Se reinventan los dos hermanos zambulléndose en la regeneración de lo clásico (en forma y fondo) con una escalofriante película que debe, no obstante, al menos la mitad de su furibunda grandeza al misterioso Cormac McCarthy (autor de la novela homónima). Y es que si algún pero cabe achacar (si es que como tal puede leerse) a los creadores de "Arizona Baby" es la asunción de la A a la Z del punto de vista del ganador del Pulitzer 2007. "No es país para viejos" -merecedora de hacer bulto en los anales del mejor cine estadounidense de la década- es la película soñada por cualquier escritor de altura, una adaptación modélica en todos los sentidos y, al tiempo, dotada de turbadora y colosal intensidad fílmica.
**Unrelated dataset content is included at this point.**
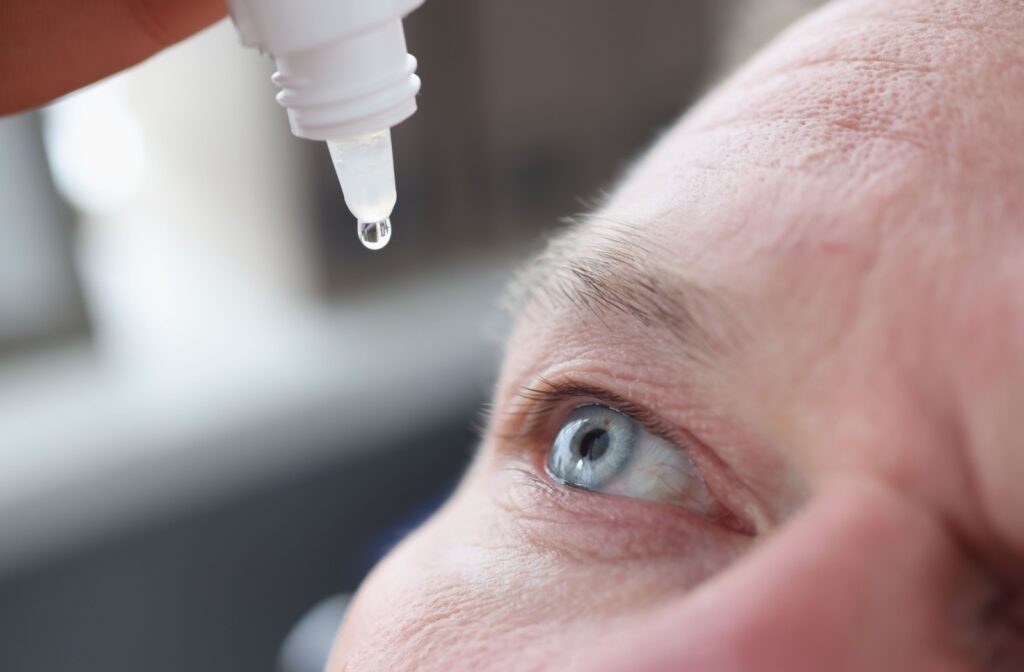 Close-up of a person applying eye drops to their eye with precision.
Sombreros fuera para elogiar Bardem, actor gigante cuando encuentra director capaz de exprimirle todo el zumo, que, no obstante, no eclipsa a sus dos monstruosos compañeros de viaje, un crepuscular (como la fábula en sí) Tommy Lee Jones y un Josh Brolin haciendo oposiciones a ser el secundario de lujo que todo Dios quiere tener en su película. En síntesis muy sintética: una obra mayor, a la que, indudablemente, el tiempo dará la textura y el color de los buenos vinos.

En toda la película no hay ni una sola nota musical. A pesar de todo, y como obra maestra que es, sin música sabe crear de forma inmejorable un ambiente de tensión.